Senking n’en est pas à son premier essai -on lui connaît déjà des oeuvres sur la Static Series du label Raster-Noton, label de Carsten Nicolai entièrement voué à la cause des musiques électroniques ultra-minimales. Ici, malgré l’artwork ludique très Sonig, on reste dans le domaine des ces musiques mutantes et ultra-technologiques où le son électronique est réduit à sa forme première, l’électricité, et on s’étonne de voir Senking débarquer sur Karaoke Kalk, micro-structure allemande qui nous avait plutôt habitués aux exubérances lo-fi de Hausmeister ou Donna Regina.
Senking explore les contours monochromatiques et sévères de matières sonores brutes (du buzz continu aux pulsations sourdes) avec une exigence qui peut décontenancer au premier abord, même si l’utilisation quasi-systématique d’une reverb confère une existence musicale très terre-à-terre à ses sons et à ses compositions, à la limite de l’ambiant. L’allemand créé des espaces imaginaires au milieu desquels les sons s’organisent et deviennent, presque par la force des choses, éminemment musicaux. Tout commence par un vrombissement langoureux et à peine perceptible, d’où émane vite une pulsation binaire trop sourde pour être associée à un rythme. Quelques blips sont lâchés dans l’espace créé, alors qu’au loin semble se profiler une mélodie. On songe là énormément aux essais les plus minimalistes de Labradford, où chaque mouvement est fertile d’une infinité de résonances rythmiques et acoustiques.

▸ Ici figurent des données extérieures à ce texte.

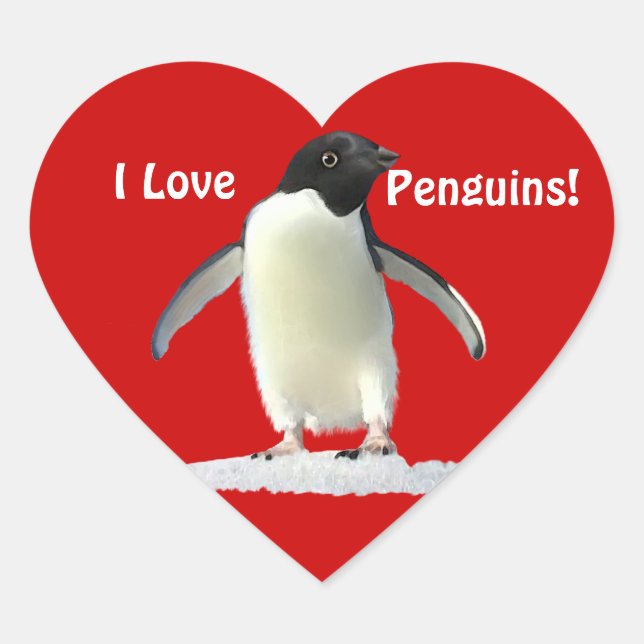I LOVE PENGUINS Cute Heart Stickers (Front)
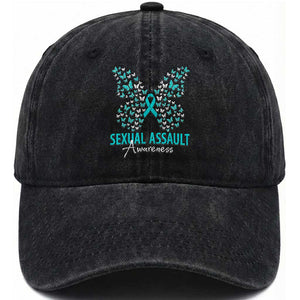 Sexual Assault Awareness Butterfly Ribbon Washed Cotton Baseball Cap TS14 Print Your Wear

Bateau, en second plan, récupère le schéma du premier morceau, mais exploite une atmosphère plus hermétique encore. Cette fois-ci, ce sont les Selected Ambiant Works vol. 2 d’Aphex Twin qui viennent à l’esprit. Rachel, ensuite, malgré son titre évocateur, est quasiment tribal en comparaison, si l’on accepte de voir en ces micro-rythmes primaux l’équivalent des boîtes à rythmes fétiches de la techno. Cups, avec ses mini-accords d’orgue en apesanteur, est lent et bucolique, et rehausse les effets de delay des matériaux abrasifs d’une vraie mélodie. Les blips monolithiques si caractéristiques refont leur apparition sur Run, mais pour soutenir les constructions mélodieuses d’une ambiant music presque ensoleillée. Enfin, Scatt est le grand bond final, la replongée dans les profondeurs. A l’horizon, le fantôme mélodique de Kraftwerk sourit.
Senking arrive avec brio à faire émerger l’humain des ses sonorités revêches, en leur donnant un espace de liberté à mille lieux de toute expérimentation stérile. Finalement, la musique de Senking n’a rien à voir avec celles de ses camarades de jeu (Noto, Frank Bretschneider, Mika Vainio). Elle est beaucoup plus lascive et sensuelle, presque… pop. On comprend bien comment et pourquoi Karaoke Kalk s’est laissé séduire.